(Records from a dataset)
|---|

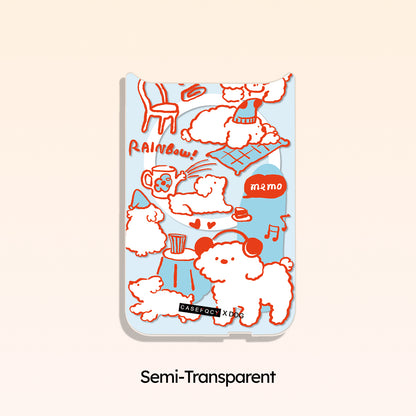 재미있는 콜라주 스타일 컬렉션
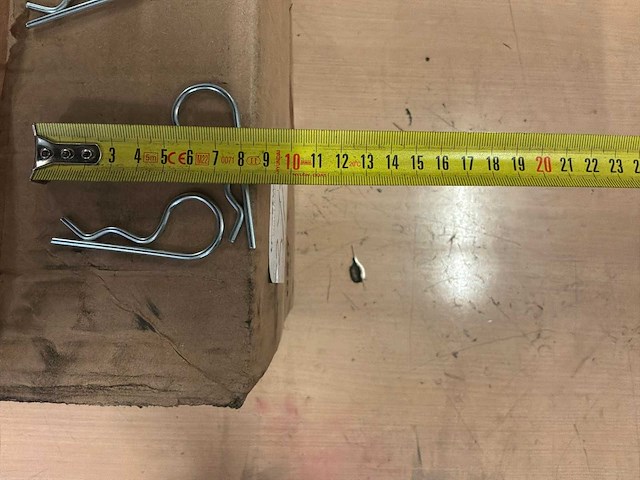 Split pen (5000x) - afbeelding 3 van  3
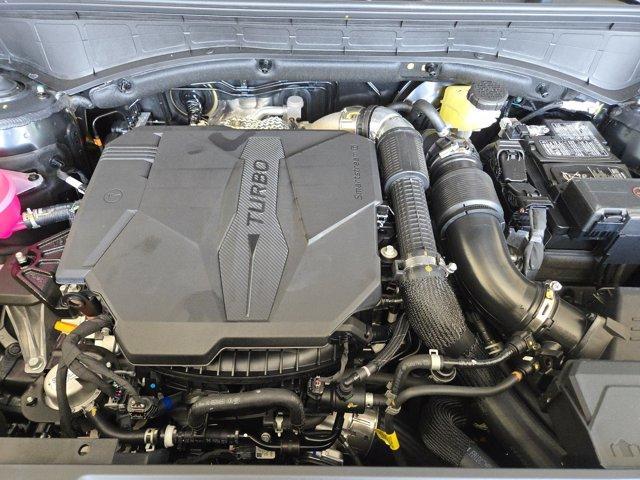 new 2026 Hyundai Santa Fe car, priced at $39,465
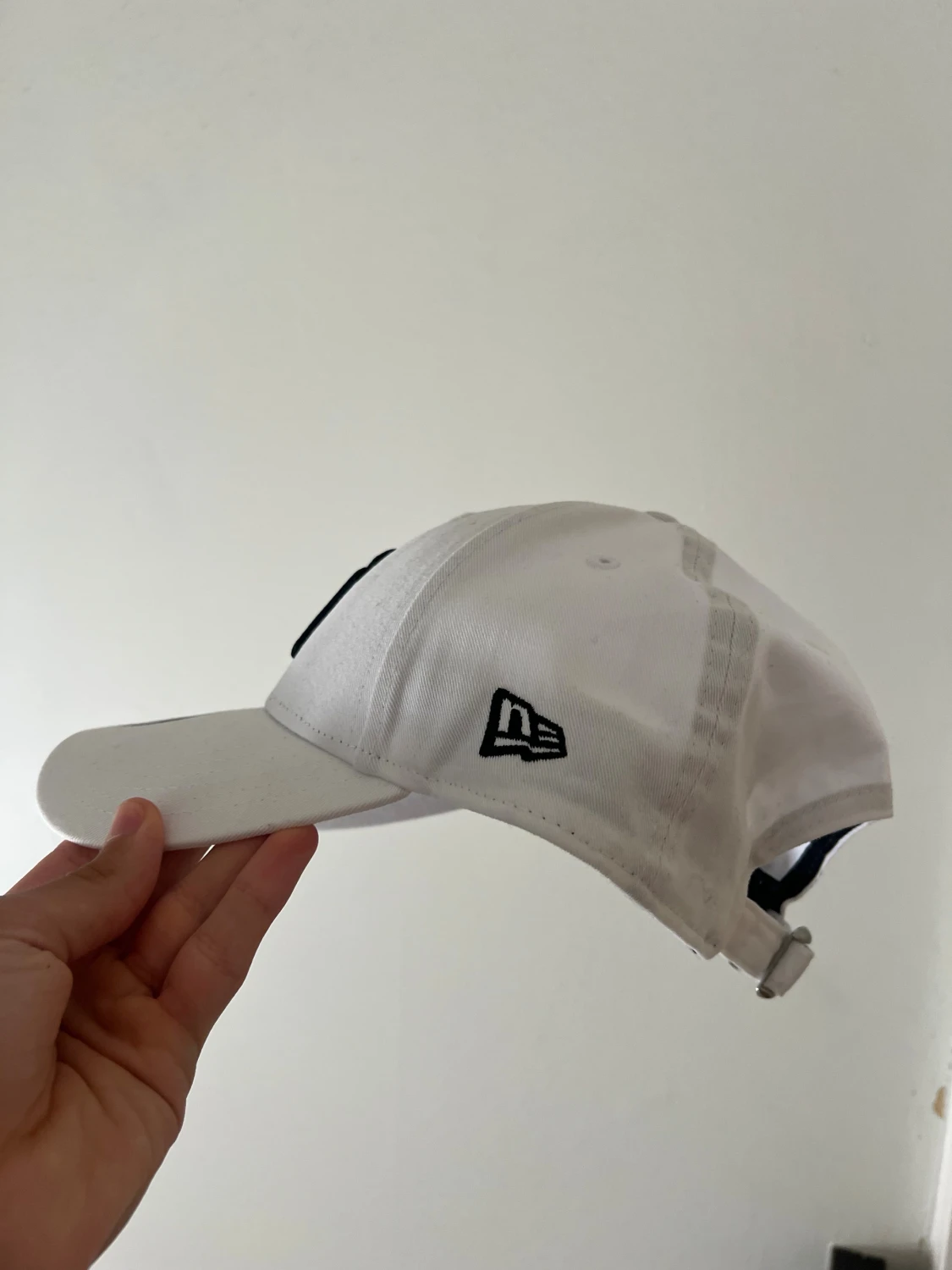 Vit New Era Yankees keps - 1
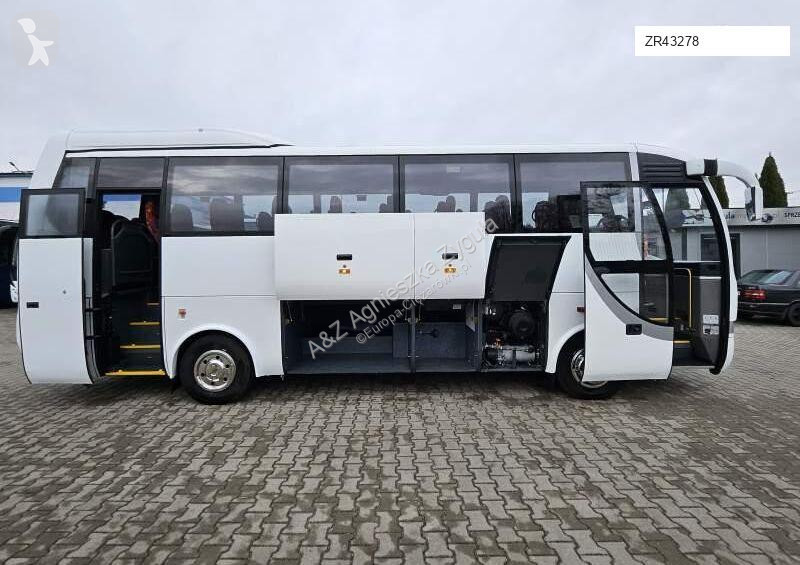 Autocarro Temsa OPALIN 9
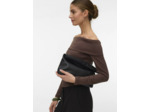 Regular Fit Off Shoulder Long Sleeves (L/S)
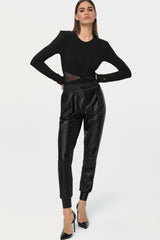 XENA Bodysuit black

|---|

* Task directions
Output every line of the records exactly, excluding all pictures.

* Response
 재미있는 콜라주 스타일 컬렉션
 Split pen (5000x) - afbeelding 3 van  3
 new 2026 Hyundai Santa Fe car, priced at $39,465
 Vit New Era Yankees keps - 1
 Autocarro Temsa OPALIN 9
 Regular Fit Off Shoulder Long Sleeves (L/S)
 XENA Bodysuit black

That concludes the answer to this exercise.